Campbell admits that outdoor specialty leasing especially in New England can be challenging. “Though our centers do not have coverage that traditional enclosed malls offer, the arrival of warmer weather in New England brings more shoppers than ever to WS Development’s open-air lifestyle centers,” he says. Campbell adds that the cart program has been strategically timed for lease availability between May 1 through October 1—hence the name “Summer Marketplace.” Lifestyle centers must also go through local town zoning and each center’s program required town approvals from various boards.

Campbell says that a lot of attention is paid to foot traffic before assigning carts to a center. “It’s all about location, location, location. The Summer Marketplace carts must be located on high-traffic pedestrian walkways in order for the cart retailers to be successful,” Campbell says. Promotions are carried out through various marketing efforts including signage, literature distribution, audio messaging through the music system, website promotions and email blasts.

Start in specialty leasing

Campbell got his start in the industry at The Rouse Company in 1982—he served as marketing director at three malls with Rouse. It was during this third stop—at The Gallery at Market East in Center City in Philadelphia that he saw the need for a cart program and implemented one. Campbell remembers borrowing carts from surrounding Rouse malls to get the program going during holiday season in 1985.

His most memorable experience in specialty leasing involved yet another holiday season in 1986. He was working as the senior events and merchandise manager for New England Development at The Mall of New Hampshire in Manchester, NH. The mall had 25 pushcarts on the floor and the program was consistently fully occupied. “We had the luxury of a sizeable waiting list of retailers who wanted to be a part of our program,” Campbell remembers. To get some of these retailers into the mall, Campbell converted an inline vacant store into what he called “The Christmas Collage.” Stalls were created inside the store making way for five new retailers to set up shop at the mall. “It was a very memorable and successful holiday season and the ‘Christmas Collage’ retailers were thrilled to be there and many of them stayed on as tenants after the holiday season,” Campbell says.

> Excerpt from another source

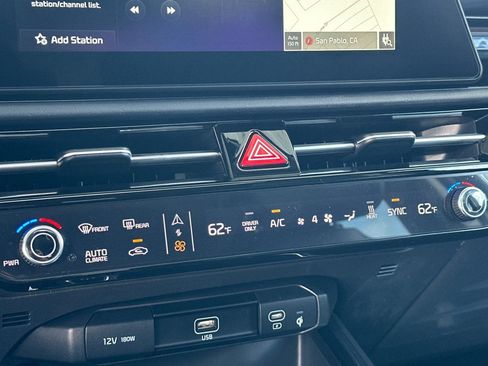 New 2026 Kia Niro Wave FWD image 21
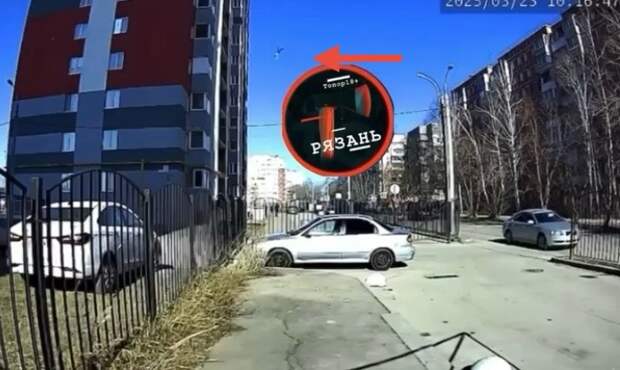 Появилось видео падения молодого человека из окна в Рязани, он погиб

Different centers, different needs

Campbell points out that lifestyle centers “demand a local, unique and one-of-a-kind mix of retailers versus only hosting national operators.” This retailer mix adds to the exclusive nature of the centers. Campbell adds that WS Development has had “great success attracting local owner-operators who bring a passion and love for their products and their business. Many products are handmade or strategically purchased to create a unique offering to the lifestyle center customer,” Campbell says.

Examples of such retailers include Denise Bruce with Camilley’s Closet and Ellen Kennedy with Hingham Bath & Body Shoppe—both of whom are located at Derby Street Shoppes in Hingham, MA.

Camilley’s Closet combines designer handbags, scarves, jewelry and accessories with highly personal customer service and affordable prices. Bruce says her kiosk business brings “a touch of Soho to the South Shore,” (the southeastern suburbs of Boston).

For its part Hingham Bath and Body Shoppe offers premium personal care products including goat milk honey lotion. Over 50 fragrances are available through the kiosk’s “fragrance bar.”

Both stores have strong local roots and anticipate their customers’ wants and needs well.

Campbell warns against overdoing it in one product category—a diversity of product genres is important. Another message he has for fellow leasing managers: keep it fresh and keep it local as best you can.

“Finding unique vendors with unique merchandise offerings requires a lot of canvassing but the field work will pay dividends,” Campbell says. “You’ll find passionate retailers who love what they do and are willing to share that passion with their customers.”